[EXERCISE DATA]

--*--

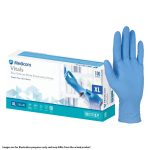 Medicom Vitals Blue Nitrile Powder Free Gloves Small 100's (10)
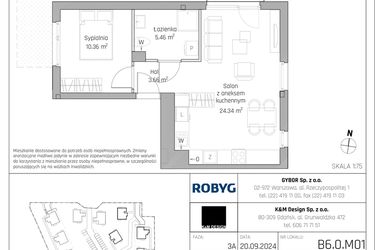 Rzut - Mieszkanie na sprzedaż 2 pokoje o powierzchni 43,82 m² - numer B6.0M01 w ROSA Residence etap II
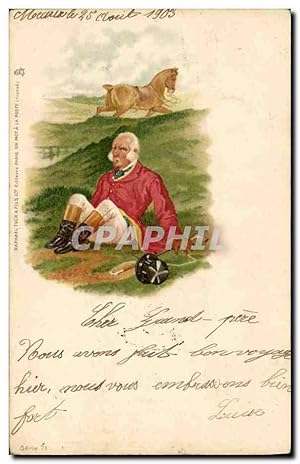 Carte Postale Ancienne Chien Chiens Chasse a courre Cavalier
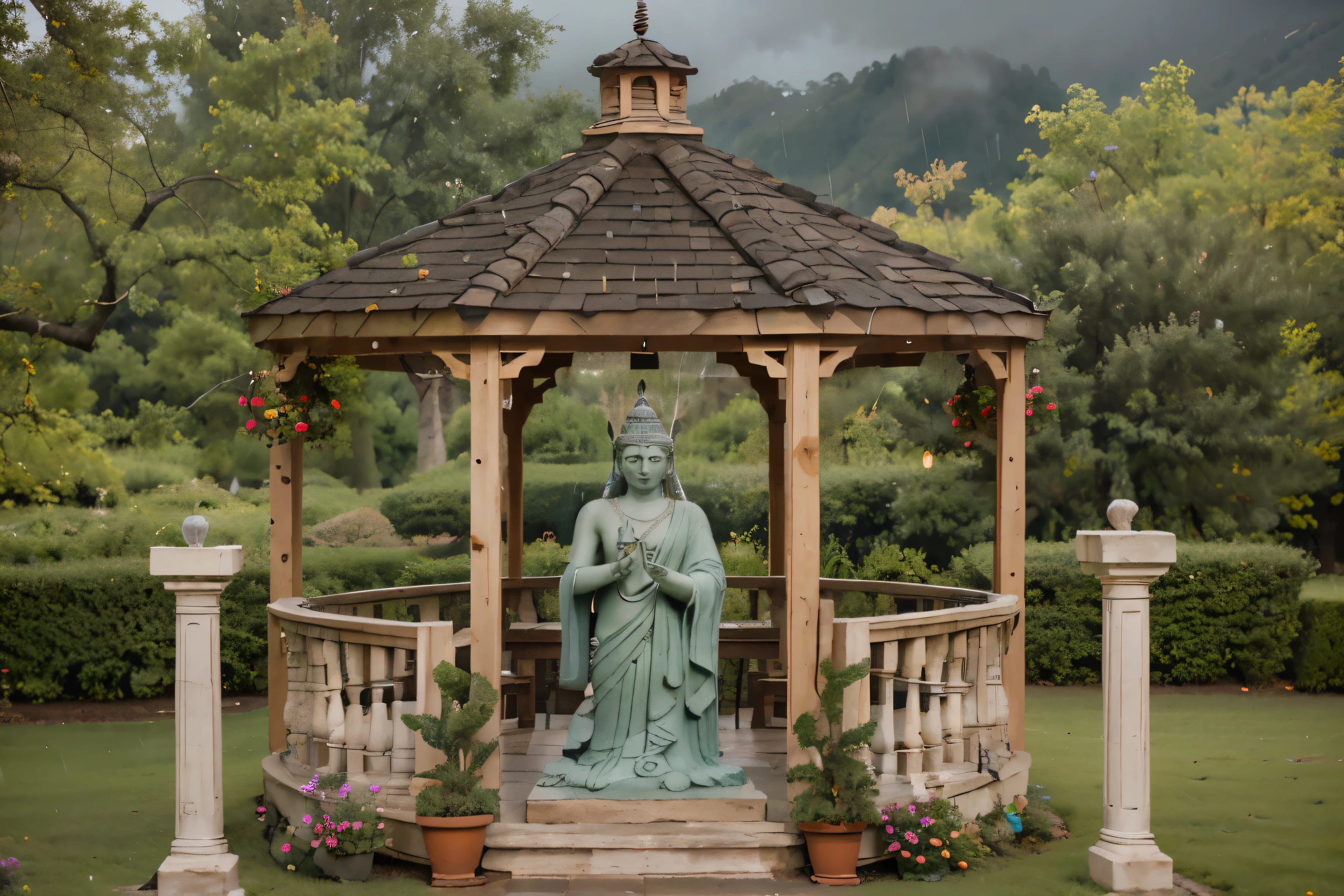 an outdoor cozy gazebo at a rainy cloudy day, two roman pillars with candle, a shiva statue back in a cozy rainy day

--*--

[WHAT TO WORK ON] Please retype the data exactly. The pictures do not go in.

[ANSWER SPACE]
 Medicom Vitals Blue Nitrile Powder Free Gloves Small 100's (10)
 Rzut - Mieszkanie na sprzedaż 2 pokoje o powierzchni 43,82 m² - numer B6.0M01 w ROSA Residence etap II
 Carte Postale Ancienne Chien Chiens Chasse a courre Cavalier
 an outdoor cozy gazebo at a rainy cloudy day, two roman pillars with candle, a shiva statue back in a cozy rainy day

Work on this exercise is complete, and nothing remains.